Exercise:
Transcribe nothing but the lines from the one with "신식상점 하드보드지 1T 2T 3T 4T 5T 주문재단무료 6,900원" to the end of the entries, both included, keeping each exact and leaving every picture out.

Input records:
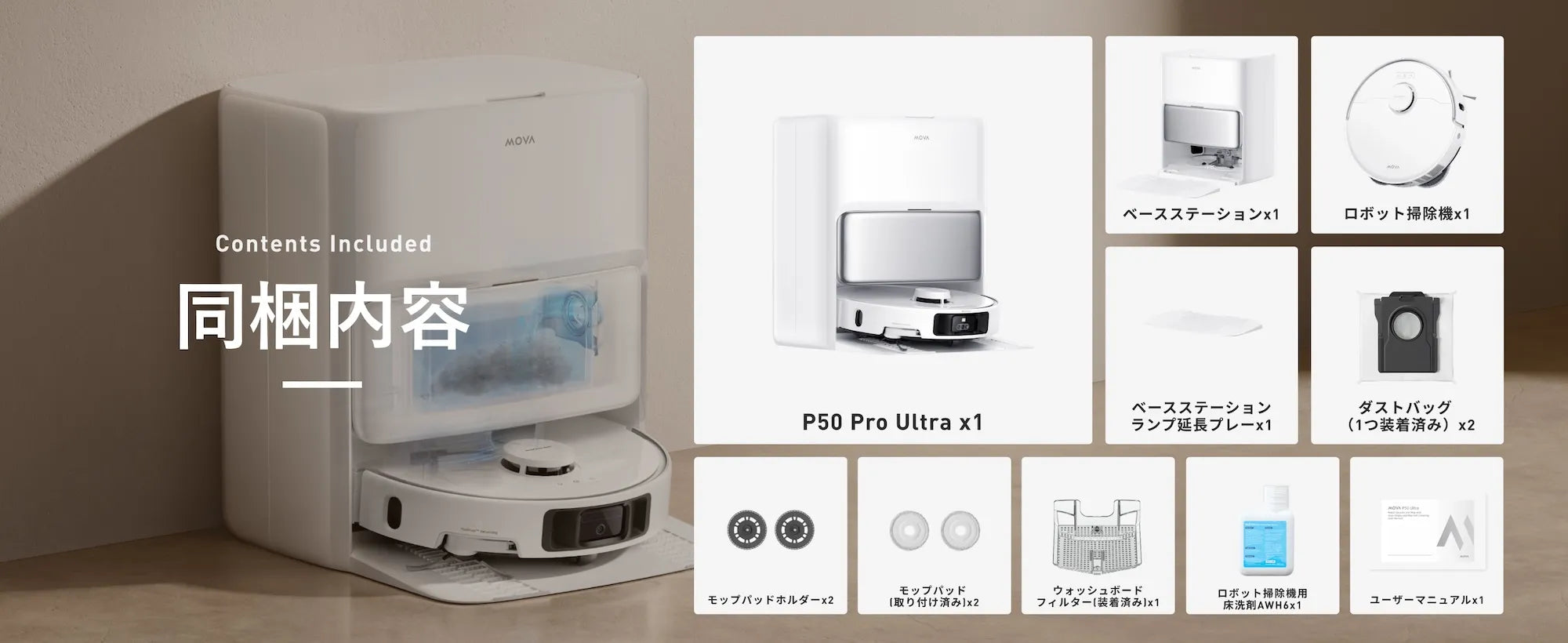 公式】MOVA P50 Pro Ultra｜AI搭載ロボット掃除機 19,000Pa吸引＆高温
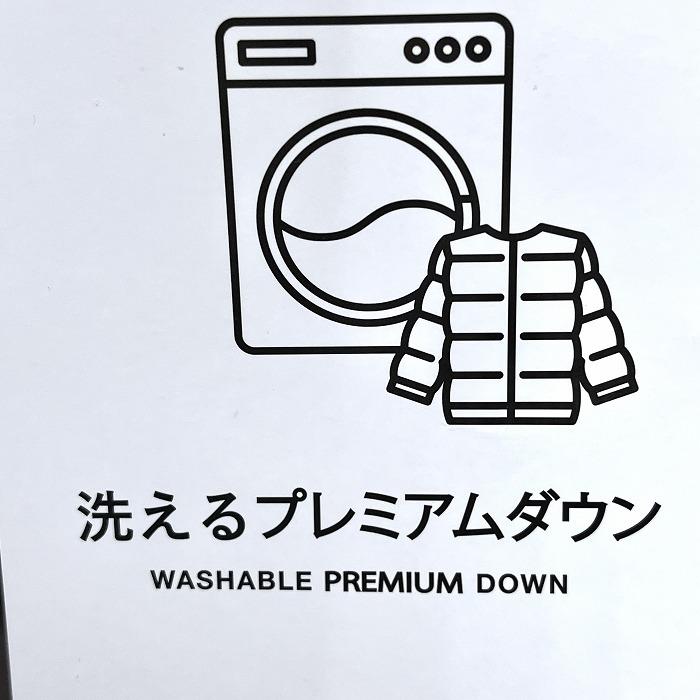 【新品】Lemiore 軽量 プレミアムダウンジャケット パーカー 無地 長袖 ナイロン100%(ダウン90%＋フェザー10%) M ブラウン 茶 レディース |  | 03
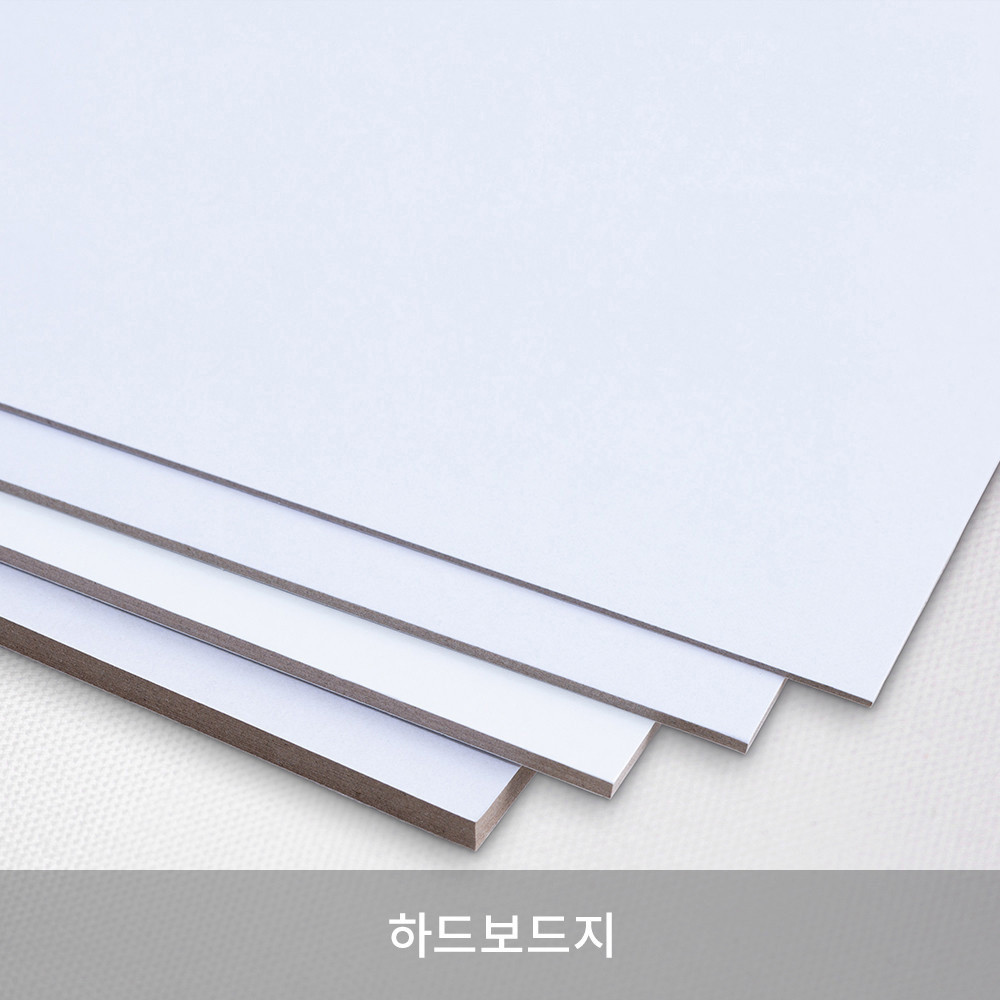 신식상점 하드보드지 1T 2T 3T 4T 5T 주문재단무료 6,900원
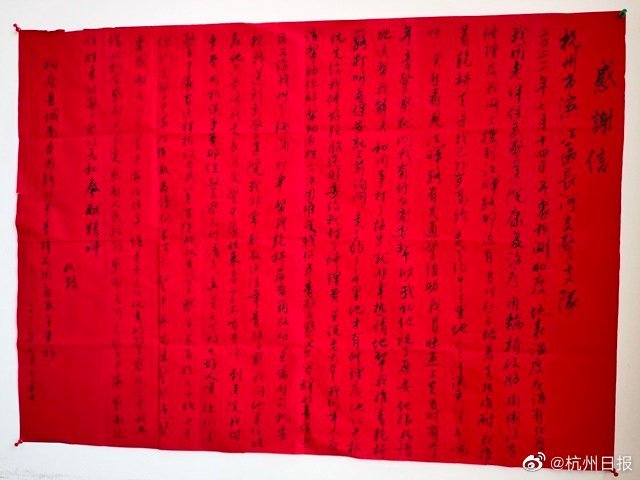 “大爷”这封信太值得珍藏！杭州年轻交警收到一米多长感谢信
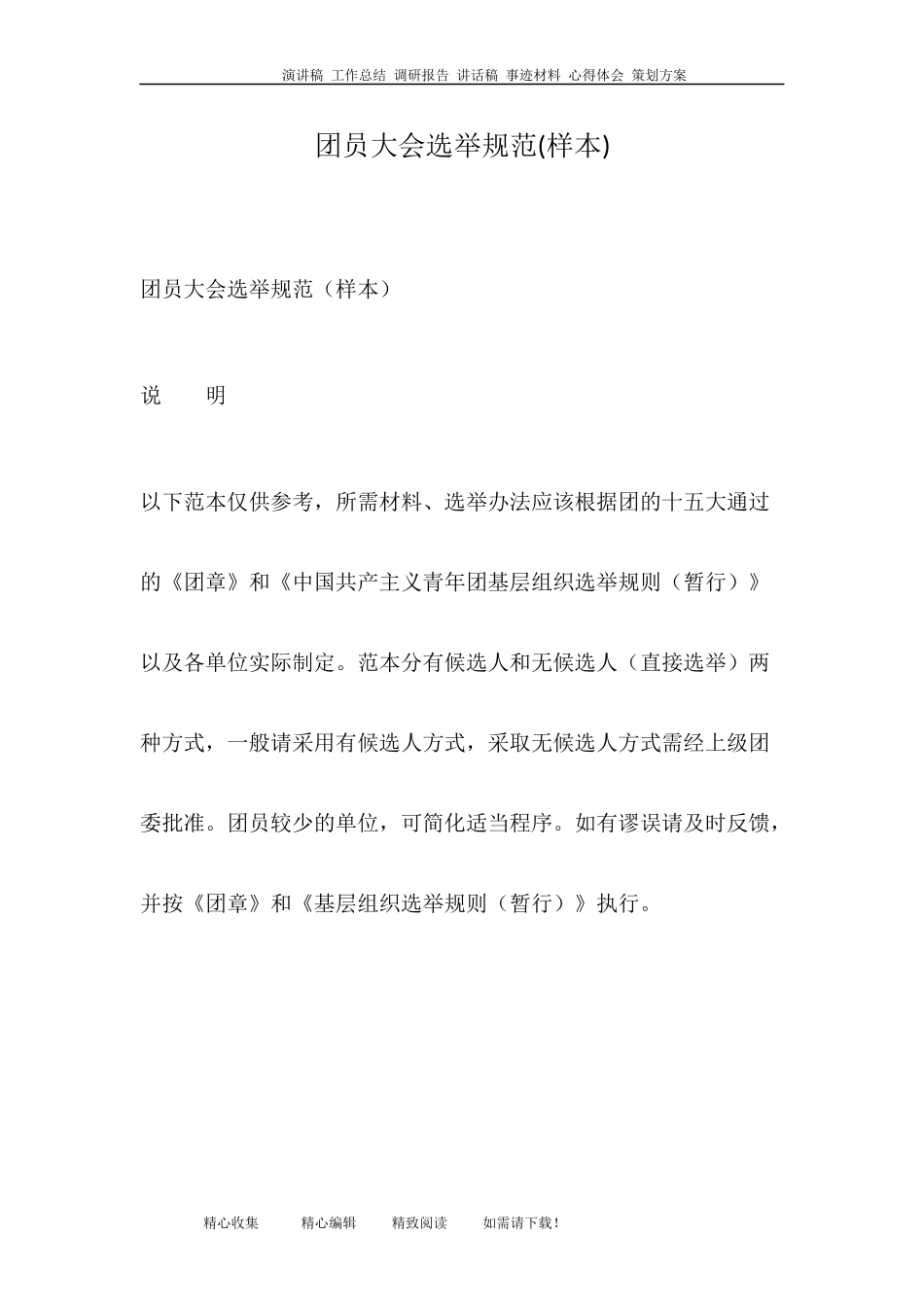 团员大会选举规范(样本)_第1页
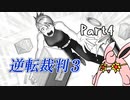 逆転裁判3　初見プレイ　Part4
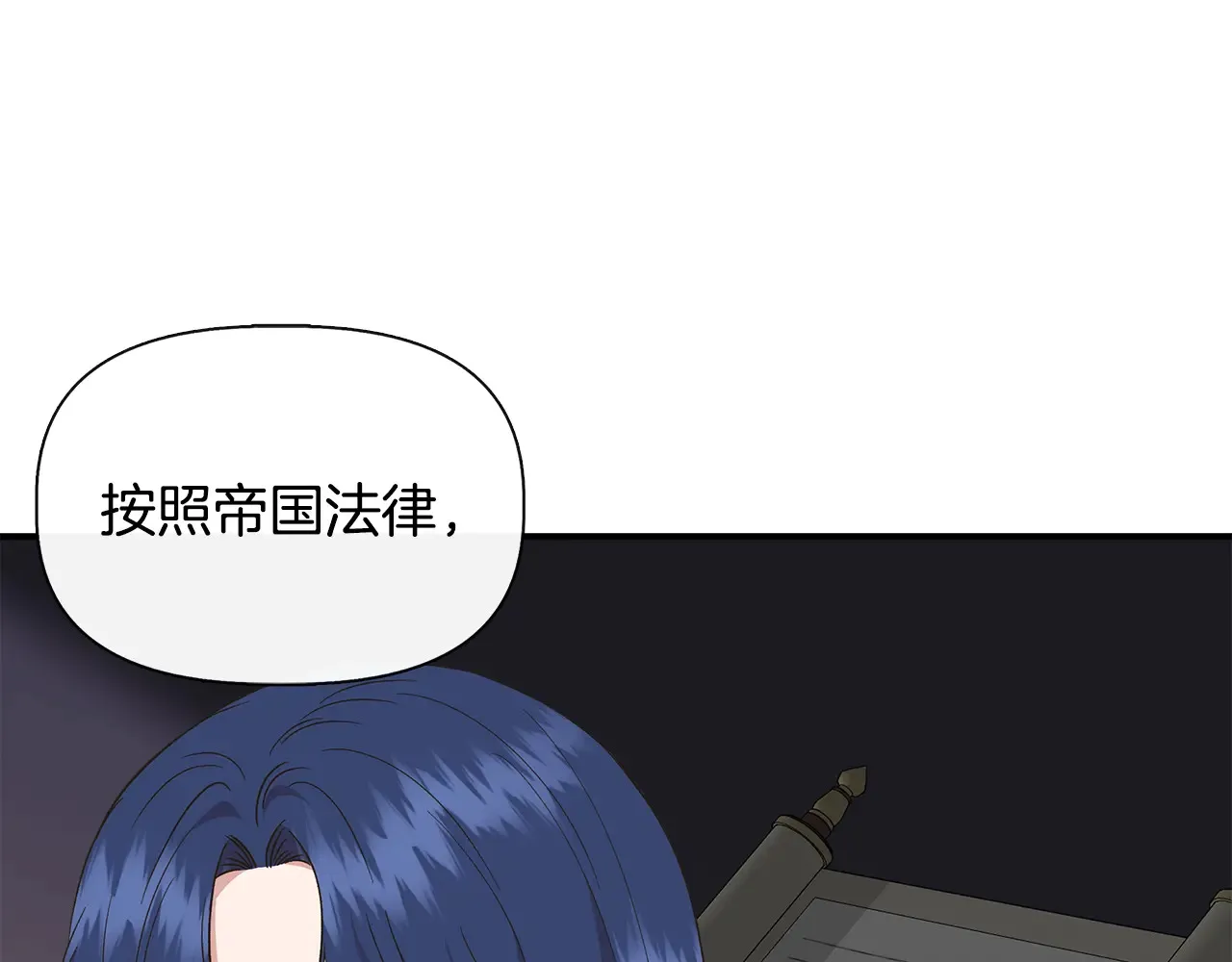 第97话 用言灵找奸细 第111页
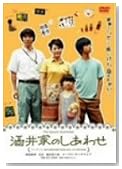 ���ȤΤ����碌 [DVD]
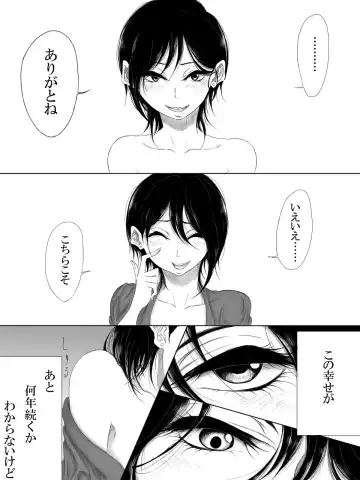 [Pandacorya] Love Me, I Love You Fhentai - Page 23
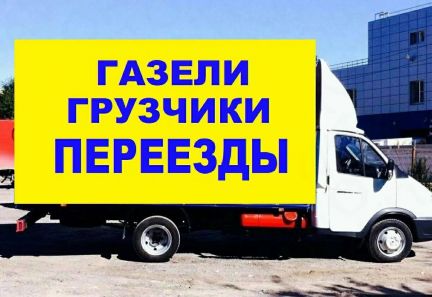Грузоперевозки/Переезды/Грузчики/Грузотакси  - купить на сайте объявлений Краснодар онлайн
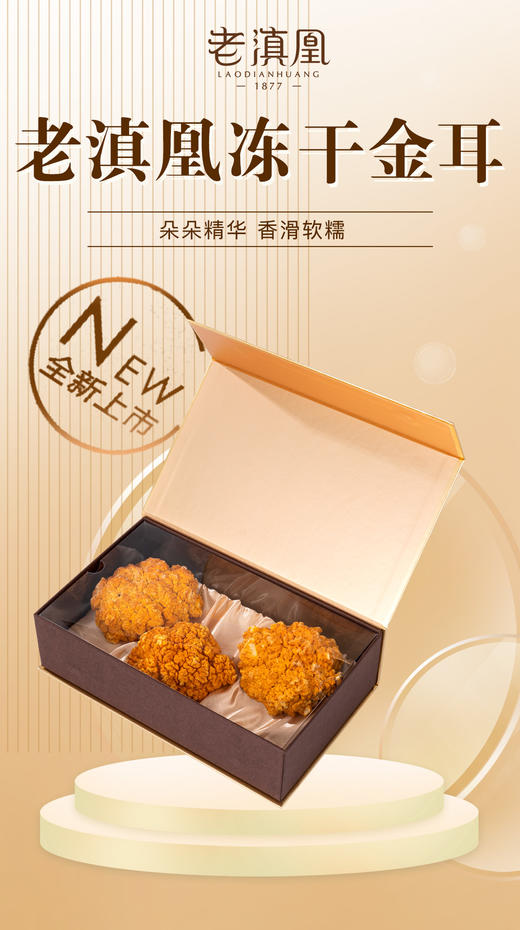 【买2送1】老滇凰冻干金耳 商品图3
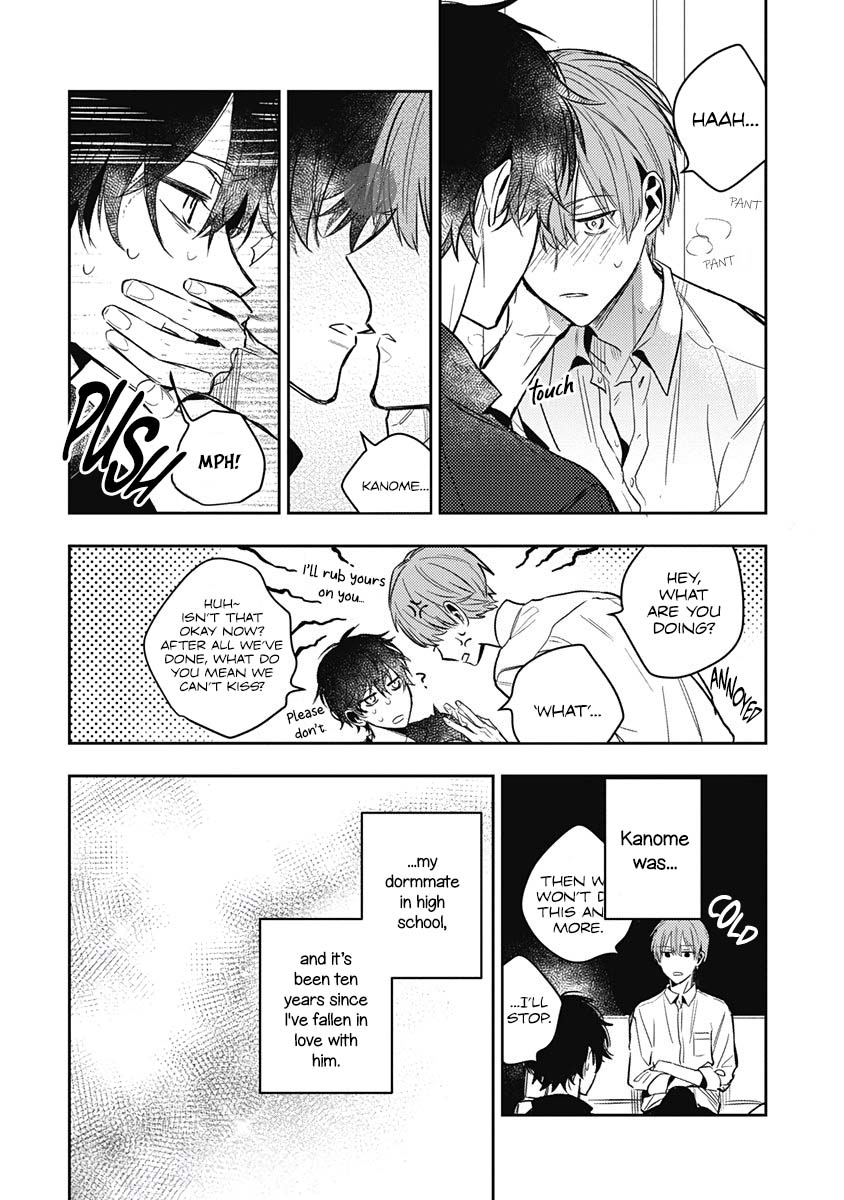 Hitomazu wa Horyuu Vol. 1 Ch. 3 第5页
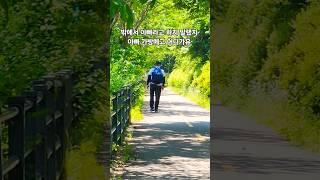 아빠라고 부르지 말랬지 #빨리돌아와엄마화났어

Answer space:
 신식상점 하드보드지 1T 2T 3T 4T 5T 주문재단무료 6,900원
 “大爷”这封信太值得珍藏！杭州年轻交警收到一米多长感谢信
 团员大会选举规范(样本)_第1页
 逆転裁判3　初見プレイ　Part4
 第97话 用言灵找奸细 第111页
 ���ȤΤ����碌 [DVD]
 [Pandacorya] Love Me, I Love You Fhentai - Page 23
Грузоперевозки/Переезды/Грузчики/Грузотакси  - купить на сайте объявлений Краснодар онлайн
 【买2送1】老滇凰冻干金耳 商品图3
 Hitomazu wa Horyuu Vol. 1 Ch. 3 第5页
 아빠라고 부르지 말랬지 #빨리돌아와엄마화났어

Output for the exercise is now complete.